By Sandra I. Erwin
The U.S. military's hidebound culture and outdated procurement system are slowing down efforts to improve cyber defenses against increasingly sophisticated network attacks, said Navy Adm. Michael S. Rogers, director of the National Security Agency and head of U.S. Cyber Command.
The Pentagon created the cyber command four years ago to prepare to wage war against hackers and foreign spies. It has a $500 million annual budget and a sprawling campus on Fort Meade, Maryland. Its ability to protect Defense Department networks is limited, however, by the military's disjointed organization and outdated attitudes about information technology, Rogers said June 12.
"Our greater challenge is not technology but organization," he told a conference of the Association of the U.S. Army, in Arlington, Virginia.
The Pentagon by some estimates operates 15,000 networks across the Defense Department and the military services. Each branch of the military buys and manages its own systems. Of most concern to Rogers is that cyber security tends to be put on the back burner.
"Military commanders must 'own' cyber," said Rogers. "Networks and cyber [should be] the commanders' business."
In his previous job as head of the Navy's cyber fleet, Rogers was frustrated by a culture where information networks are relegated to the technical support staff, rather than viewed as a command priority. As cyber attacks become more pervasive and intractable, "our ability to integrate cyber into a broader operational concept is going to be key," he said. Now, "we treat cyber as something so specialized, so different, so unique, that resides outside the operational framework."
Commanders operate under the "flawed" notion that they can turn over network responsibilities to the unit's information technology experts, said Rogers. "Commanders have to own this mission and integrate it into operations." Senior officers ought to be as knowledgeable about a unit's network capabilities and potential vulnerabilities as they would be about its fuel and ammunition supplies, he added. "The challenge to that is as much cultural as it is technical."
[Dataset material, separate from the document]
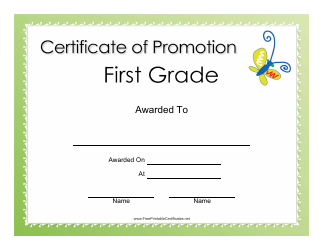 &quot;First Grade Promotion Certificate Template&quot;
The military, indeed, needs advanced technologies to build stronger cyber defenses, said Rogers. But a disjointed procurement system makes that difficult. The Defense Department today, he said, cannot "synchronize our capabilities as a team."
The Pentagon must build a "joint network backbone," he said. "I never understood why the services each spend money creating, maintaining, building and operating a global communications backbone. We do it independently. It makes no sense to me. It is inefficient. It does not lead to an integrated approach to problem solving," he added. "We need a joint framework." Each service could still address its own needs for the "last tactical mile."
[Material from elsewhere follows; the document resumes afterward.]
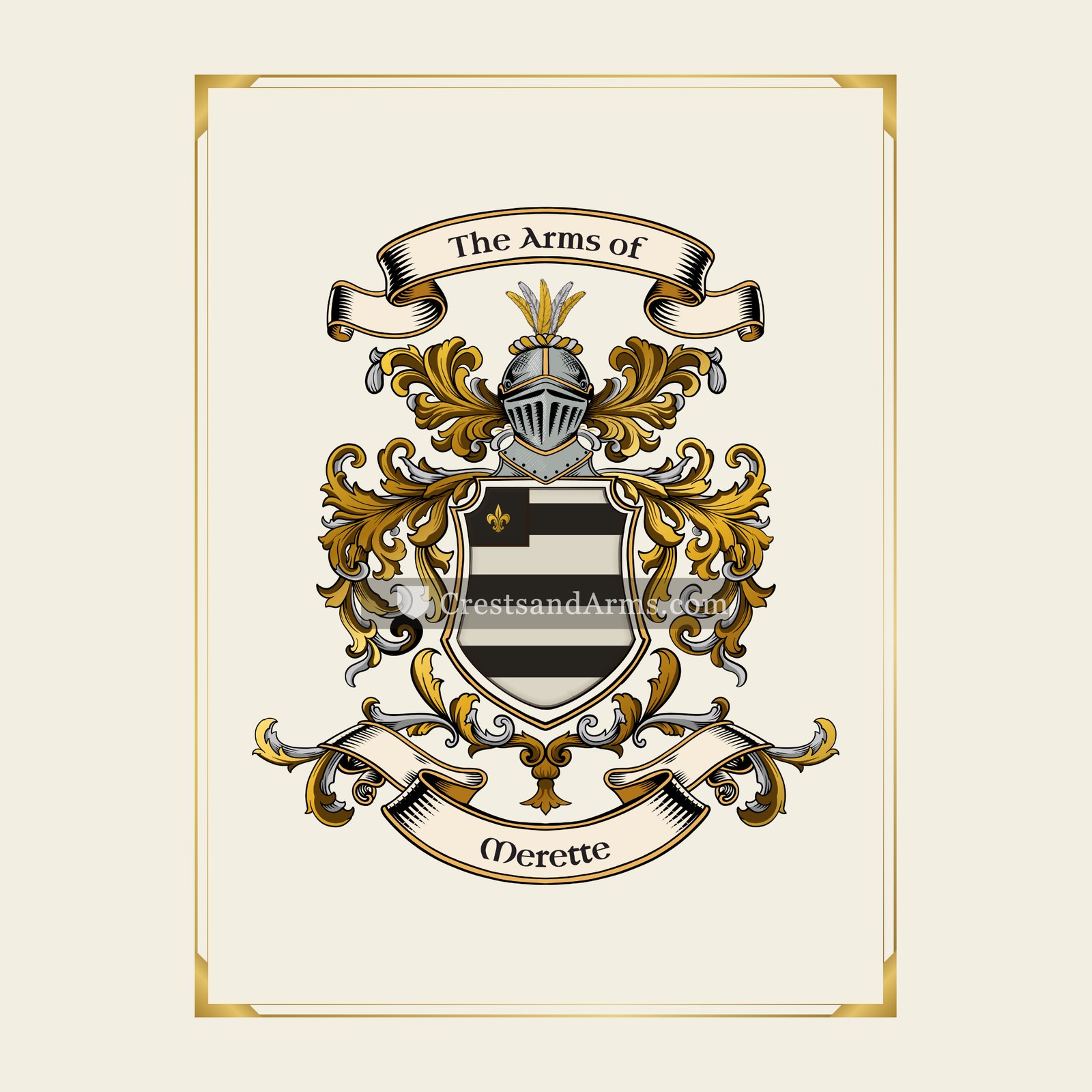 With gold border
The Defense Department last year launched a network integration effort, called "joint information environment," to help protect systems from cyber attacks. Rogers does not see any easy fixes to this problem other than a "fundamental change in how we do acquisitions." Networks are not viewed as "war fighting platforms," he said. "We generally turn to our CIO and tell them to go build a network. ... We don't entwine acquisition and operations."
Rogers also called on the military services to beef up their in-house talent. "We need to create a workforce that understands the vision, has the tools and capabilities to execute the vision," he said. "We, the Defense Department, are not on the cutting edge when it comes to networks, and information technology. ... We need to build a trained and ready operational cyber force."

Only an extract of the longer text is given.